Copy out every line in the entries below that includes "truck".

··· WORKING DATA ···

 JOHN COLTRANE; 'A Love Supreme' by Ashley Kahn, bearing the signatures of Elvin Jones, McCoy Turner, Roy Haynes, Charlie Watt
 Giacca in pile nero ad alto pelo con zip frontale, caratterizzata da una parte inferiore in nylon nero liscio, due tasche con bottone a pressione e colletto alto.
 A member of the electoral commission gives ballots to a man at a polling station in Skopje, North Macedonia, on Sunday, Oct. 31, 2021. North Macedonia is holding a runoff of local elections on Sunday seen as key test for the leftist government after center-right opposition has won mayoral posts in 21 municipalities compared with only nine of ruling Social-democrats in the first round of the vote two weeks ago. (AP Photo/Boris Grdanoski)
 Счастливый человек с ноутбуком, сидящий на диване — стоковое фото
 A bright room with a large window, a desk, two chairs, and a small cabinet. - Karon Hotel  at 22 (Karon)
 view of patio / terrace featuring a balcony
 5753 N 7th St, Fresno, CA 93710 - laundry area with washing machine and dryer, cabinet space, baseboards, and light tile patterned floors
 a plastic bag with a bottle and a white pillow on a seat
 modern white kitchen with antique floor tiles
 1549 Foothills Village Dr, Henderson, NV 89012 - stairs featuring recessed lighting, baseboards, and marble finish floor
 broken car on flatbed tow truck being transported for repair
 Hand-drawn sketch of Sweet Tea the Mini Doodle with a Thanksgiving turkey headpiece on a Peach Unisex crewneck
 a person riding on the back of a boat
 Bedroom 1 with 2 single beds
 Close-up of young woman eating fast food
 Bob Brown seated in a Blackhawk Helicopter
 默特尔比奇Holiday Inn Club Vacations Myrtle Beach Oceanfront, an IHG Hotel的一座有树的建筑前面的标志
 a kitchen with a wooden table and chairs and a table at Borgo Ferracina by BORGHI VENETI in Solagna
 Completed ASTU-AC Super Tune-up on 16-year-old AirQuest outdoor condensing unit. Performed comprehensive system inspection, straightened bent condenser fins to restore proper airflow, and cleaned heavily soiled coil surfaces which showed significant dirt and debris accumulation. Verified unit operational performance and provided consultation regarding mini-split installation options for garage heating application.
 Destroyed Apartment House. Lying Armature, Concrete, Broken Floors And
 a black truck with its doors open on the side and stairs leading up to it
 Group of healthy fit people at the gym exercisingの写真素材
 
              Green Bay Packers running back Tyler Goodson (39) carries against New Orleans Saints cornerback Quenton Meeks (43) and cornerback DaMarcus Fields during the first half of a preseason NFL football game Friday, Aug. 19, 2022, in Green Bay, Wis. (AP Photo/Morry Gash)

···

=== SOLUTION TO THIS EXERCISE ===
 broken car on flatbed tow truck being transported for repair
 a black truck with its doors open on the side and stairs leading up to it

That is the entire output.